To close this gap, we developed a computer aided CDSS to quickly identify cases that require referral and those that can be treated locally. To demonstrate the findings, we chose use cases of pregnant patients, routine antenatal and postnatal care, based on Ethiopian primary healthcare workflow and guidelines [9]. Within this setting the computer aided CDSS was developed using a hybrid algorithm to generate clinical pathways. The details of the design, development process, and the outcome are described in [10]. Our study is one of the rare initiatives that have opted to develop a computer aided CDSS, specifically for LRS. It focuses on primary healthcare in particular. To deal with data readiness and infrastructure, for example, it operates with limited input (clinical signs and symptoms) and progressively updates the generated clinical pathway when more information becomes available, and it was deployed on low-cost devices and accessible from a smart phone via mobile data or wireless networks. The computer-aided CDSS offers an automated, interactive, dynamic, and data-driven solution to assist front-line workers active under LRS conditions in the primary health setting.
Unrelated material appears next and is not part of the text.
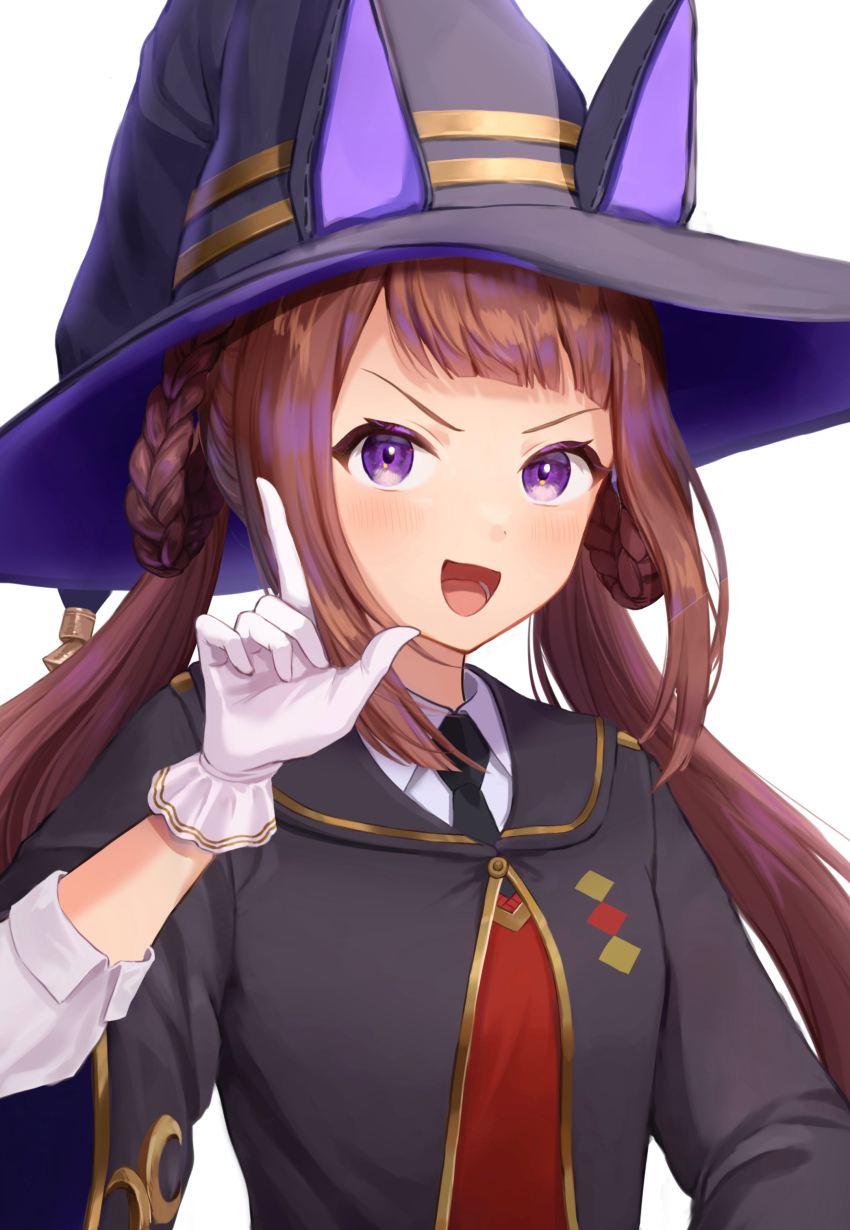 1girl :d absurdres black_hat black_necktie black_robe blush braid braided_hair_rings brown_hair commentary dress_shirt gloves hair_rings hat highres horse_girl index_finger_raised kanehira151 long_hair long_sleeves looking_at_viewer necktie open_mouth purple_eyes red_sweater robe shirt simple_background smile solo sweater sweep_tosho_(umamusume) twintails umamusume v-shaped_eyebrows white_background white_gloves white_shirt wide_sleeves witch witch_hat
The goal of this paper is to explain the user acceptance of the computer aided CDSS at the POC in a LRS. Moreover, we employed an artificial intelligence-enabled clinical decision support system framework (Ji, Mengting, et al. 2021 [11]) to assess the user acceptability of the computer aided CDSS.

Methods

Research & development options

The framework for evaluating an artificial intelligence–enabled clinical decision support system was developed based on Ji, Mengting, et al. 2021 [11]. We customized it to our needs, and a research protocol was developed. Additional file 1: Appendix I contains the protocol's details. For reporting the computer-aided CDSS evaluation, the DECIDE-AI reporting guidelines were used [12].

Site selection

The evaluation was carried out at Jimma Health Center Maternal and Child Health Service Unit, Jimma, Ethiopia. In Ethiopia, health centers typically serviced 15,000 to 25,000 people in rural settings and up to 40.000 people in urban settings [13]. Jimma Health Center is not an exception. The health center acts as a focal point by handling both inpatient and outpatient cases. It accepts referral cases from community health posts as well as it refers cases and assigns patients to the primary hospitals (Jimma University Specialized Hospital and Shanan Gibe General Hospital).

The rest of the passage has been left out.